On Sunday 17th September, the Sunday Times published an article entitled: “Channel Islands: EDF electricity plan could destroy Alderney’s ‘little Auschwitz’” which made reference to a report that Kevin Colls and I (Prof. Caroline Sturdy Colls) wrote in February 2016. This report was leaked to the Sunday Times by a third party without our knowledge or consent.
The report refers to a situation that arose on Alderney in February 2016 (which was reported in the media at that time) when we expressed concerns that core drillings were damaging the site of the forced labourers’ cemetery. The report was sent to a limited group of people in confidence, specifically in response to this situation.
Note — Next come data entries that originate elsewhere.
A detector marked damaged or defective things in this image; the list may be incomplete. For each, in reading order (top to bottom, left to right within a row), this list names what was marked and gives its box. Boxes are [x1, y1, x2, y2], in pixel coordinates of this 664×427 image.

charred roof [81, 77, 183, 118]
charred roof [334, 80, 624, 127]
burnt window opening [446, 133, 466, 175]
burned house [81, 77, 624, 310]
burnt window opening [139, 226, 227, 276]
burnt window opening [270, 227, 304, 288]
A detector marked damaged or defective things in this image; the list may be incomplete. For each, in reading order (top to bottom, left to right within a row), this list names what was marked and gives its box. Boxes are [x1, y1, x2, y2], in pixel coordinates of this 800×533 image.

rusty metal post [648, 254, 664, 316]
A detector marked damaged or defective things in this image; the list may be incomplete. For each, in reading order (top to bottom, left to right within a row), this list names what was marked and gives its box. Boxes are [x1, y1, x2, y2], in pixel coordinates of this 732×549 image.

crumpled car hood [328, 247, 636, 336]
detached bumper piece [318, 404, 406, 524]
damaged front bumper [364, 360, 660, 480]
We have been researching the fate of the forced labourers in Alderney for a number of years and we have undertaken detailed non-invasive archaeological investigations at the site where the cemetery was located, as well as at two of the four main camps that existed on the island. Our research into the fate of the forced labourers and their burial locations is ongoing and we continue to discuss our results – and development plans in this area – with various parties in the hope of guaranteeing protection for these important sites.
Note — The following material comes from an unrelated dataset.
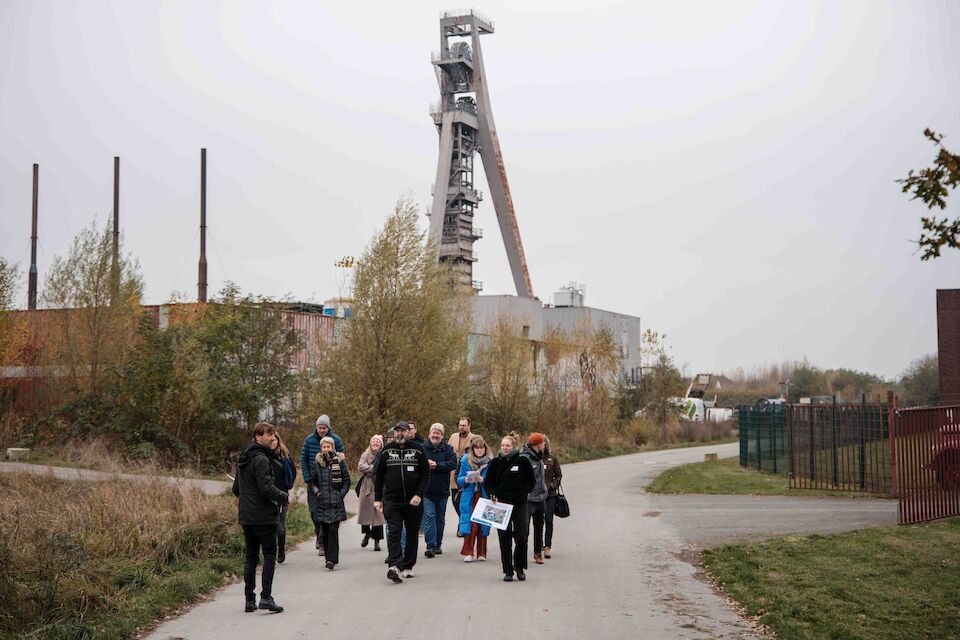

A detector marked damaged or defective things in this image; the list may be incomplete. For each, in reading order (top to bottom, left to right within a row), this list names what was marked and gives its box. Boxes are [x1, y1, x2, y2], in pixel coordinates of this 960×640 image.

rusty structure [428, 8, 532, 298]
We are working hard to establish, scientifically and rigorously, what happened during the Occupation of Alderney. In our report, we do not make reference to Alderney being a ‘little Auschwitz’, nor to the 40,000 figure cited in the article. These citations come from another source and the article was misleading in its representation of this as our work.
The following represents the full statement that we provided to the Sunday Times ahead of publication.
Quote for Sunday Times: “The confidential report submitted to the States of Alderney and other parties was in response to core drillings that took place on Longy Common in early 2016. We were concerned that the drillings were damaging the site of the forced labourers’ cemetery that we have been researching for a number of years. Given the historic significance of this site, we remain concerned about any future development works in the area. Our research into the fate of the forced labourers and their burial locations is ongoing and we continue to discuss our results with various parties in the hope of guaranteeing protection for these important sites.”